Demain, le Premier ministre Alexander De Croo (Open Vld) réunira son kern pour passer en revue un certain nombre de dossiers. Le jobs deal semble être sur de bons rails : il va enfin se concrétiser. « Vous pouvez le sentir », confirment les sources gouvernementales. Mais avant tout, le budget de la défense doit être réglé. La Belgique est l’un des trois derniers pays de l’OTAN à ne pas annoncer un budget de 2% du PIB : la pression internationale est énorme. En fait, cette semaine, tous les partis, sauf un, étaient d’accord, y compris Groen. « Nous avons revu notre point de vue entretemps », voilà ce qu’on entend chez les Verts flamands. Et même le vice-premier ministre Ecolo, Georges Gilkinet, est fondamentalement prêt à changer de position. Mais un homme s’y oppose : Jean-Marc Nollet, coprésident d’Ecolo. « Ils doivent maintenant nous dire si c’est ‘oui’ ou ‘non’. Mais si vous jouez aux colombes de la paix, pourquoi fournissez-vous des armes depuis des mois à l’Ukraine ? », s’emporte-t-on dans la coalition.

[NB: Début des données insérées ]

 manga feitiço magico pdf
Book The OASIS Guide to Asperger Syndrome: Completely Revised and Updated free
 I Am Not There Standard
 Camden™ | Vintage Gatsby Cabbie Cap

Dans l’actualité : Le rapport de 59 pages du « groupe d’experts » présenté ce mercredi au gouvernement n’a pas vraiment impressionné la Vivaldi.
Les détails : le président du groupe d’experts, le gouverneur de la Banque nationale, Pierre Wunsch, est venu répéter l’analyse semestrielle qu’il avait faite quelques jours auparavant, avant de formuler toute une série de recommandations (plutôt vagues).

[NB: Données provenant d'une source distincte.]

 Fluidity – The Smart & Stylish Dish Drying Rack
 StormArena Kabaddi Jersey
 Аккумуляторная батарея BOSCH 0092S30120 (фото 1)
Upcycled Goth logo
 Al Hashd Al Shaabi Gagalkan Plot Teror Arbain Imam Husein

- Lors de la session de l’après-midi de mercredi, Wunsch est venu remettre un premier « rapport intermédiaire » du fameux « groupe d’experts » sur le pouvoir d’achat. C’était censé donner une impulsion au gouvernement fédéral qui, depuis des mois, veut « faire quelque chose » pour stopper les effets d’une guerre, de la flambée des prix de l’énergie et la spirale inflationniste, avant que cela ne fasse trop mal au porte-monnaie des citoyens.
- Mais Wunsch, sans surprise, n’a pas trouvé de formule magique. Au contraire. Son rapport se lit avant tout comme un avertissement classique à l’intention des responsables politiques. Car, pas plus tard que lundi, Wunsch – un libéral qui a été placé au poste de président par le MR – avait déjà fait une analyse similaire depuis son rôle à la Banque nationale. À ne pas oublier :
- L’indexation automatique protège largement les ménages, mais avec un certain retard.
- Ce sont surtout les entreprises qui vont payer le choc des prix de l’énergie.
- L’inflation va se refroidir, on peut en être raisonnablement sûr.
- L’économie ne s’arrêtera pas, mais reprendra à l’automne.
- Le déficit budgétaire est un vrai problème.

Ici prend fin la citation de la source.